Content starts

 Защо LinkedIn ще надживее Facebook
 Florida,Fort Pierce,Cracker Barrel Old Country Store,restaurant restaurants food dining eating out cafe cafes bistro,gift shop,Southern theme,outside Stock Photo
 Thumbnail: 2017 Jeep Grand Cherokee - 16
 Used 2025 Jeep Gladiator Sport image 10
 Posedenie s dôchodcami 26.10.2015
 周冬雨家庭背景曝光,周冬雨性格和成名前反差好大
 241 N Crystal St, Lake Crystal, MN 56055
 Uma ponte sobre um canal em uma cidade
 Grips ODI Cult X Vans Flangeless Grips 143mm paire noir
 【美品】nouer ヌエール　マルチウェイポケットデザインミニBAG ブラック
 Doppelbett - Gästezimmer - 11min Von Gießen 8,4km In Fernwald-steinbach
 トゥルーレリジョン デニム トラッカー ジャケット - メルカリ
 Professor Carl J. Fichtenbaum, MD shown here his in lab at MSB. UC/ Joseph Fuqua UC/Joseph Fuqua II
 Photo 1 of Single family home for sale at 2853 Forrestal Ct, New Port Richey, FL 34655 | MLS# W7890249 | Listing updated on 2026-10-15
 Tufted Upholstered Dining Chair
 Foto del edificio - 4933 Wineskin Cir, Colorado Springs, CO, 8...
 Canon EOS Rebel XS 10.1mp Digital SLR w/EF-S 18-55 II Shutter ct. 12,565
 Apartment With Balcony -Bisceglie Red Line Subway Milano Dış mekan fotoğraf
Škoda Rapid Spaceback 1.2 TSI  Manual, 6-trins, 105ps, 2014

Content ends

§ **To do**
Transcribe the listing in full, line by line.

§ **Worked solution**
 Защо LinkedIn ще надживее Facebook
 Florida,Fort Pierce,Cracker Barrel Old Country Store,restaurant restaurants food dining eating out cafe cafes bistro,gift shop,Southern theme,outside Stock Photo
 Thumbnail: 2017 Jeep Grand Cherokee - 16
 Used 2025 Jeep Gladiator Sport image 10
 Posedenie s dôchodcami 26.10.2015
 周冬雨家庭背景曝光,周冬雨性格和成名前反差好大
 241 N Crystal St, Lake Crystal, MN 56055
 Uma ponte sobre um canal em uma cidade
 Grips ODI Cult X Vans Flangeless Grips 143mm paire noir
 【美品】nouer ヌエール　マルチウェイポケットデザインミニBAG ブラック
 Doppelbett - Gästezimmer - 11min Von Gießen 8,4km In Fernwald-steinbach
 トゥルーレリジョン デニム トラッカー ジャケット - メルカリ
 Professor Carl J. Fichtenbaum, MD shown here his in lab at MSB. UC/ Joseph Fuqua UC/Joseph Fuqua II
 Photo 1 of Single family home for sale at 2853 Forrestal Ct, New Port Richey, FL 34655 | MLS# W7890249 | Listing updated on 2026-10-15
 Tufted Upholstered Dining Chair
 Foto del edificio - 4933 Wineskin Cir, Colorado Springs, CO, 8...
 Canon EOS Rebel XS 10.1mp Digital SLR w/EF-S 18-55 II Shutter ct. 12,565
 Apartment With Balcony -Bisceglie Red Line Subway Milano Dış mekan fotoğraf
Škoda Rapid Spaceback 1.2 TSI  Manual, 6-trins, 105ps, 2014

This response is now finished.